Landry Jones is gone after starting 50 games for Oklahoma the past four seasons, during which the successor to Heisman Trophy winner Sam Bradford won 39 games and became the Big 12’s career passing leader (16,646 yards).

While many people assume that the Oklahoma starter will be Blake Bell, the junior who has run for 24 career touchdowns in primarily short-yardage situations, Stoops said sophomore Kendal Thompson and redshirt freshman Trevor Knight are also competing for the job.

Stoops also said the 6-foot-6, 263-pound quarterback known for “Belldozer” packages can throw the ball too.

“We have a history in my going on 15 years of having guys in quarterbacks that are really excellent throwers, and Blake fits that mold,” said Stoops, whose Sooners last season won a share of their eighth Big 12 title.

After Colt McCoy led Texas to the BCS national championship game in 2009, Garrett Gilbert struggled the following season when the Longhorns had their only losing season under Brown.

So in 2011 the question was whether Gilbert would be able to keep his job over then-freshmen Ash or Case McCoy, the two the coach was choosing between a year ago.

In a game he wasn’t even sure he would start, Ash capped his sophomore season last December by helping lead the Longhorns to a 31-27 comeback victory over Oregon State in the Alamo Bowl.
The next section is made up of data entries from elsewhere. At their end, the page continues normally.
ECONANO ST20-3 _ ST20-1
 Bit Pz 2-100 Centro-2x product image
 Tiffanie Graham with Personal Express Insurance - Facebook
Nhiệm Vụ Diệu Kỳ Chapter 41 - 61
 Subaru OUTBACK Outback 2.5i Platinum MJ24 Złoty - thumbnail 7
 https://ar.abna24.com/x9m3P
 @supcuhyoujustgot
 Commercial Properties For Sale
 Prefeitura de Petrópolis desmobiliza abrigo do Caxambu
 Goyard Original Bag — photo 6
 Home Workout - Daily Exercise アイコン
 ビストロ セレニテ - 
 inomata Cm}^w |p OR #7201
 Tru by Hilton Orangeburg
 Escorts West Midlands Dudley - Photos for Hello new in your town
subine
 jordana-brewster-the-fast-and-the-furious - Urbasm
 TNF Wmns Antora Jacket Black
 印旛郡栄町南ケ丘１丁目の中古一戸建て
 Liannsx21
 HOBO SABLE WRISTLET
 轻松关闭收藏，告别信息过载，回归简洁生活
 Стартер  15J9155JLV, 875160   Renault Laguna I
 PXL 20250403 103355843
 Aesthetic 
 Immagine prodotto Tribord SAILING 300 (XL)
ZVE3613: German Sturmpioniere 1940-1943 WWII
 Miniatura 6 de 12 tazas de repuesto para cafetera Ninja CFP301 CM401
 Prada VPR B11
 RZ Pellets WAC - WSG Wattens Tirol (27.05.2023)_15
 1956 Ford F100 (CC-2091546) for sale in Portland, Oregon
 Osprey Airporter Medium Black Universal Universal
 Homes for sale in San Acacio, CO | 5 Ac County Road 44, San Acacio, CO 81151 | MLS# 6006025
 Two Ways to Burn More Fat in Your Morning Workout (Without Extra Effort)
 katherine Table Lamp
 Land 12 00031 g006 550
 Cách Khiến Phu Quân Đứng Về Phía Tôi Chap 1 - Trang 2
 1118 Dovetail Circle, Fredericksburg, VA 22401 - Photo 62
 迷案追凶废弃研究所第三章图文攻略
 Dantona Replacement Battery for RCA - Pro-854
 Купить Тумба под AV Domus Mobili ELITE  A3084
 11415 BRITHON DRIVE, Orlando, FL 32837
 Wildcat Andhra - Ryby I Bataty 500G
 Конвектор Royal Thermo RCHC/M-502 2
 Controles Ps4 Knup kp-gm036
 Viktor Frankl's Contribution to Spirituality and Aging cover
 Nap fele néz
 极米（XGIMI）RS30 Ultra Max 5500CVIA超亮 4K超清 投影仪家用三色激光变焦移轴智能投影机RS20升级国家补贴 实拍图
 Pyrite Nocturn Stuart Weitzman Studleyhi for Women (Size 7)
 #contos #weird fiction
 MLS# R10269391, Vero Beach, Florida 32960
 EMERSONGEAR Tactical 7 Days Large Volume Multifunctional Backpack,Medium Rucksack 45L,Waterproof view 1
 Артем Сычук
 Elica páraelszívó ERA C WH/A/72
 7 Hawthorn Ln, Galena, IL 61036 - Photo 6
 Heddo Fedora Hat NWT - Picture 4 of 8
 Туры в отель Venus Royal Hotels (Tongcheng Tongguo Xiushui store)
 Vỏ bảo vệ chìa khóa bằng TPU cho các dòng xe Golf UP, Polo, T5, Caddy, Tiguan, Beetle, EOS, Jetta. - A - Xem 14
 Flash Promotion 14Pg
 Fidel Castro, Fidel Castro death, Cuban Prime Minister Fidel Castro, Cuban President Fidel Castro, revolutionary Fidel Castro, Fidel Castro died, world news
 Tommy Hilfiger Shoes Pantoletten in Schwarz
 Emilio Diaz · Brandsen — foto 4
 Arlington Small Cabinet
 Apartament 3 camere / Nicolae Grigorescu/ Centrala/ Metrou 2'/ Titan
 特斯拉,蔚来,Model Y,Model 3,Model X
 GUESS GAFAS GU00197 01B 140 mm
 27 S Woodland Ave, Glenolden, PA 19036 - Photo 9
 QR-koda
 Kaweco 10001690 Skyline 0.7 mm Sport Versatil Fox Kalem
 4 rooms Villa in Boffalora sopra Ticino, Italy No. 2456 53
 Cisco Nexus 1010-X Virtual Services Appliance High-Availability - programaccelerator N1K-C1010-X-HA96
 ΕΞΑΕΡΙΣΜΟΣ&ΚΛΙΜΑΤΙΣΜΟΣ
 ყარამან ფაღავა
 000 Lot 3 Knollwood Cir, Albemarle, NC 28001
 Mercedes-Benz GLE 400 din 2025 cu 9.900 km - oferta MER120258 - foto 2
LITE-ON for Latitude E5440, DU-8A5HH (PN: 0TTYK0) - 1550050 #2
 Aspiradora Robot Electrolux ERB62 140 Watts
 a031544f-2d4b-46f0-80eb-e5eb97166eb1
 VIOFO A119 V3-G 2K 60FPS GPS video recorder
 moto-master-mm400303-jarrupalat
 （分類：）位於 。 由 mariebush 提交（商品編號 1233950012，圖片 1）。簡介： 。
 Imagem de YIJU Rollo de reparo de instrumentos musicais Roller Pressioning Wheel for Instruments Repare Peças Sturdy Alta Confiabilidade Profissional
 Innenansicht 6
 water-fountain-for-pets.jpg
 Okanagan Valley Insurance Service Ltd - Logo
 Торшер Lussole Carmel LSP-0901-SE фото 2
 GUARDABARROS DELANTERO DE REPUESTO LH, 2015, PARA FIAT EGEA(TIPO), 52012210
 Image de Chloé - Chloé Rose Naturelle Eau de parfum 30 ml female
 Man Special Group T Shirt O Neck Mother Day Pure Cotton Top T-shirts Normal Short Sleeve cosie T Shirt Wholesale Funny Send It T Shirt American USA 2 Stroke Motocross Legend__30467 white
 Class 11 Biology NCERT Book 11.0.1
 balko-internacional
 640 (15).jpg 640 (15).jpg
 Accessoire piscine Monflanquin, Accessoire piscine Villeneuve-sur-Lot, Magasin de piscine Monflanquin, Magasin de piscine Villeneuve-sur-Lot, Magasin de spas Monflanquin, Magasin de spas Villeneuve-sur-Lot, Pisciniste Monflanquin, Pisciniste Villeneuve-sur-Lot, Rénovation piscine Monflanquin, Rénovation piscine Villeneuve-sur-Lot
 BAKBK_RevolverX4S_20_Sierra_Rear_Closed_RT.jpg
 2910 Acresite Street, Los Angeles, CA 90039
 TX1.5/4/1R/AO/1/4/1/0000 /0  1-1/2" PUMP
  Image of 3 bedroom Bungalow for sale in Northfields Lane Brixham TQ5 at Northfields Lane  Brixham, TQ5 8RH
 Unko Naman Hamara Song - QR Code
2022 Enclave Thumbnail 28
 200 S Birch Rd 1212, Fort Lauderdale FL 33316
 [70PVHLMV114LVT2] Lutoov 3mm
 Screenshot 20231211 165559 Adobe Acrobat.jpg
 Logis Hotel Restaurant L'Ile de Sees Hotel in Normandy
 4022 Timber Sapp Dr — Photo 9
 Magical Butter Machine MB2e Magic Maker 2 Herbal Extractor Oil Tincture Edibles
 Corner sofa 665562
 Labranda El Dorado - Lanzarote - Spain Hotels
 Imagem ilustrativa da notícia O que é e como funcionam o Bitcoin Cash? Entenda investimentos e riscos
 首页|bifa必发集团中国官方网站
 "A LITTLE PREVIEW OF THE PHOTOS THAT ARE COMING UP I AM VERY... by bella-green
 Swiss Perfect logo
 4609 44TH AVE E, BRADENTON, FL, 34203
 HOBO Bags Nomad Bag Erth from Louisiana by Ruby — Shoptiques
Ash threw for 188 yards and two touchdowns after halftime, including a 36-yard TD pass with less than 2 1/2 minutes left after Texas converted fourth-and-1.

“I thought his comeback in the Alamo Bowl really, really helped him with our team, with his confidence,” Brown said. “And I think it helps him nationally, and I think he’ll have a big year.”

With co-offensive coordinator  and former quarterback Major Applewhite now coaching quarterbacks, and Ash described by Brown as “in command” after throwing for 2,699 yards with 19 touchdowns and eight interceptions last season, the Longhorns are planning to go with a faster tempo on offense.

Brown believes that change will be more beneficial to the defense, which will now see each week in practice what it will face in most Big 12 games.

West Virginia is going into its second Big 12 season without Geno Smith, who went to the NFL as the leading passer in Mountaineers history.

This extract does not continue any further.